There was a deathly silence in that vast hall of a thousand-plus data mining and artificial intelligence practitioners in New York City recently when the speaker made the following statement: ‘If you reject a consumer loan application and the consumer asks why her loan was rejected, you will get into regulatory trouble if you say, ‘I don’t know, the algorithm did it’.’
Considering that the conclusions that algorithms make, be it in loan approvals or in deciding which stock a hedge fund should buy or sell, or in health care, are treated as sacred truths, this sudden demand for ‘explanations’ sounded like a thunderbolt from the sky.
In viewing this emerging debate, it is important to go back to the foundational years of statistics, the methods of which lie at the heart of today’s Machine Learning and Artificial Intelligence and Karl Pearson, in the Britain of the 1880s.

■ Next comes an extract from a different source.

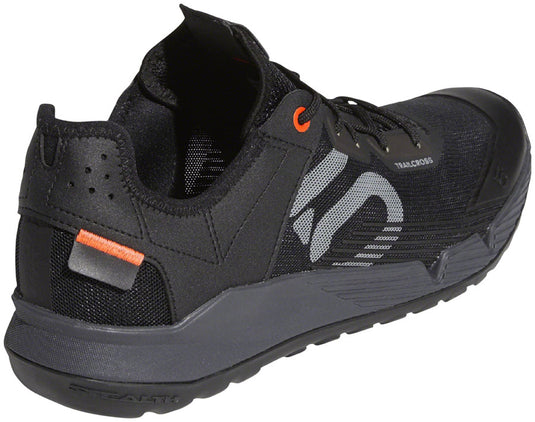 Five Ten Trailcross LT Flat Shoes - Men's, Core Black / Gray Two / Solar Red, 6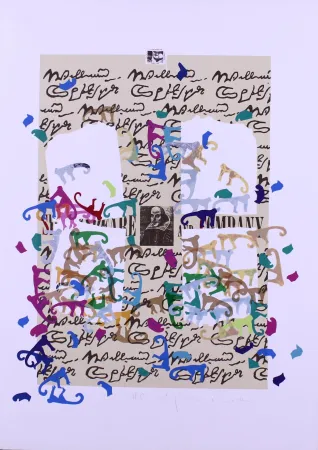 Литография Boetti - SHAKESPEARE AND COMPANY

His ‘correlation coefficient’, which is the first baby step that anyone who studies statistics takes even at the school level. It, for example, helps you determine whether glucose level in humans increases with age.
Given the level of glucose in the blood of individuals of, say, a dozen people of different ages, it helps us calculate whether age and glucose level are ‘correlated’.
Pearson, in the England of the 1880s, went on to define a great many other things, which serve as the foundation of the science of statistics and its contemporary version, Machine Learning and Artificial Intelligence, such as principal component analysis, the chi-squared test and the histogram.
These statistical tools that we revere so much even today were essentially used to put a scientific basis to propagate ‘eugenics’, the belief that human beings come from different races and that there are ‘inferior’ races and ‘superior’ races and that no amount of training or education could improve a person of an ‘inferior’ race.
From those early days, as the 20th century progressed, statistics was enlisted for many other causes, including the computation of the gross domestic product, that one number which is nowadays used to conclude how well or badly a country and its government are doing.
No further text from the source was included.